Prompt: Wherever an image appears in the entries, drop it and reproduce everything else exactly.

Records for this exercise:
-.-.-

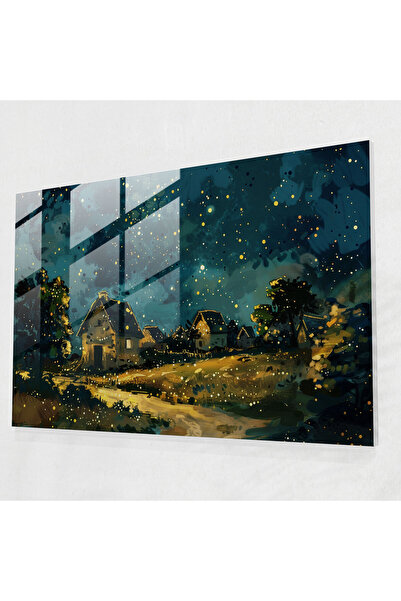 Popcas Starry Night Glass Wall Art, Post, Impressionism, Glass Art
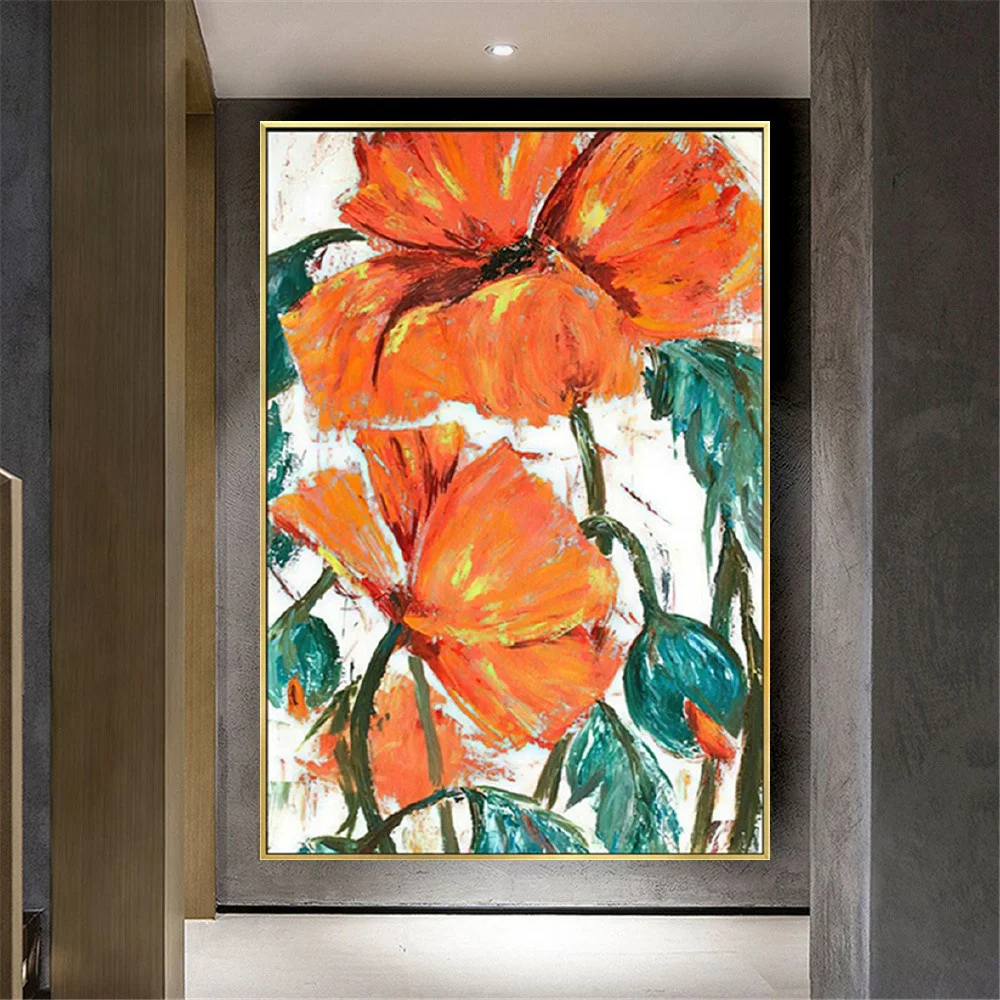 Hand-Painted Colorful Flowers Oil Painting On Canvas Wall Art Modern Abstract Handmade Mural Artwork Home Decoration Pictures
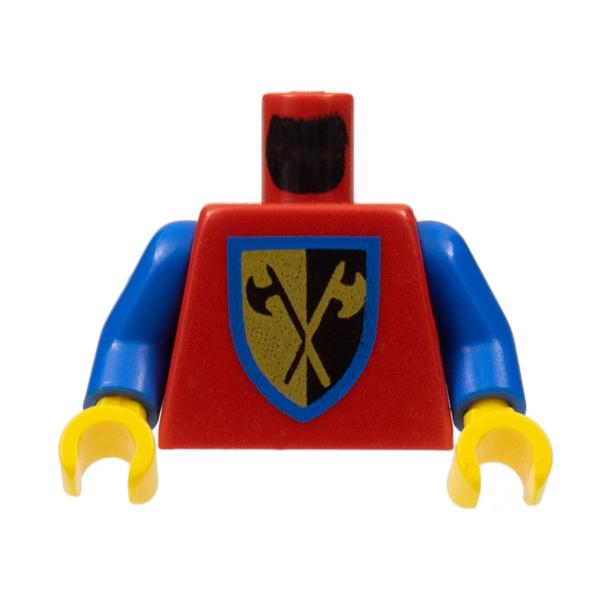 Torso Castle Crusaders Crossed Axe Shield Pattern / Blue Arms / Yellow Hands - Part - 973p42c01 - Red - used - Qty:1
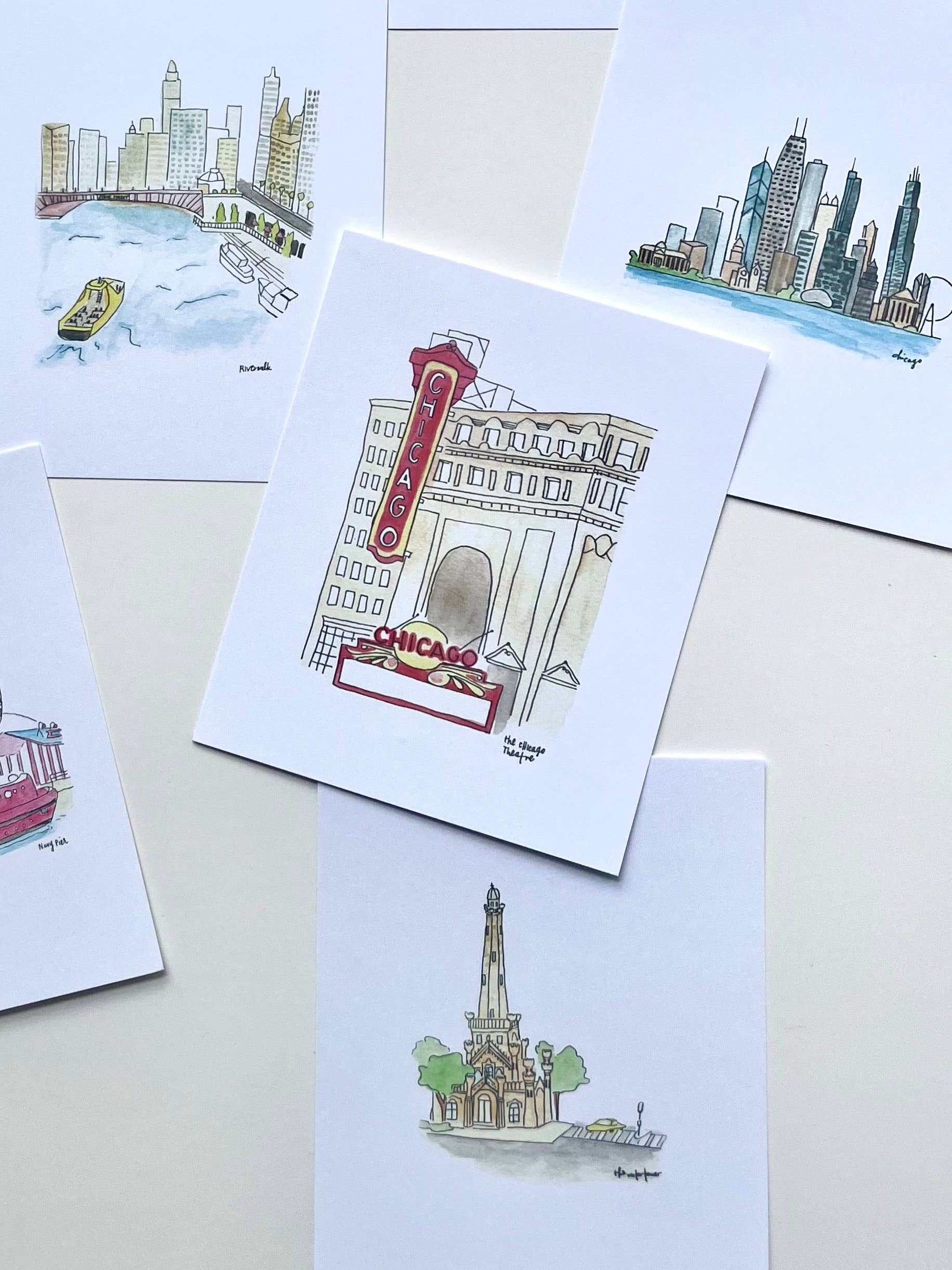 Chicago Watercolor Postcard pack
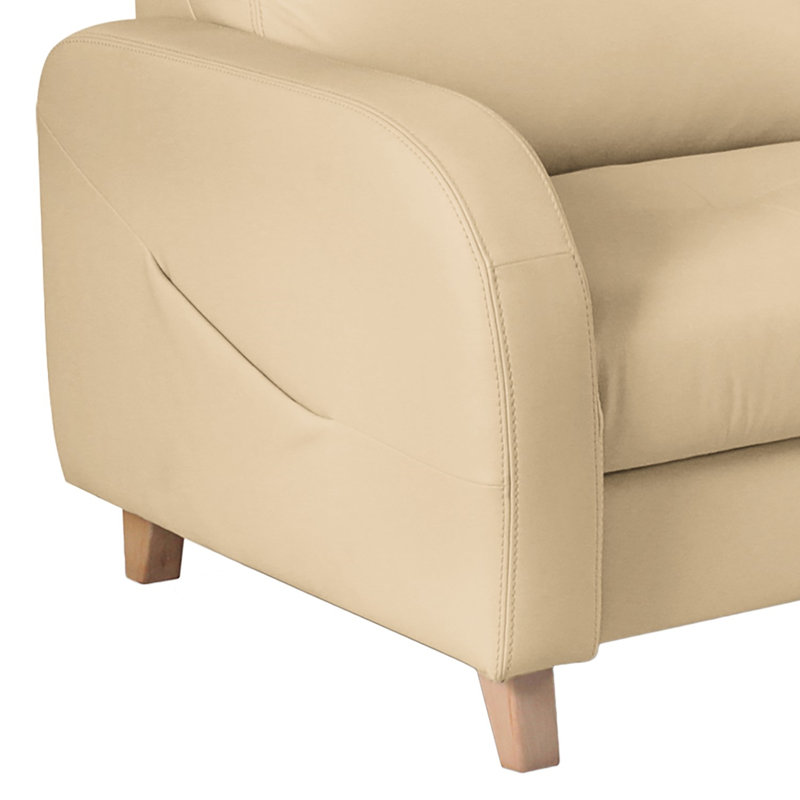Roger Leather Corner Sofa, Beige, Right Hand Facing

-.-.-

Expected output:
 Popcas Starry Night Glass Wall Art, Post, Impressionism, Glass Art
 Hand-Painted Colorful Flowers Oil Painting On Canvas Wall Art Modern Abstract Handmade Mural Artwork Home Decoration Pictures
 Torso Castle Crusaders Crossed Axe Shield Pattern / Blue Arms / Yellow Hands - Part - 973p42c01 - Red - used - Qty:1
 Chicago Watercolor Postcard pack
Roger Leather Corner Sofa, Beige, Right Hand Facing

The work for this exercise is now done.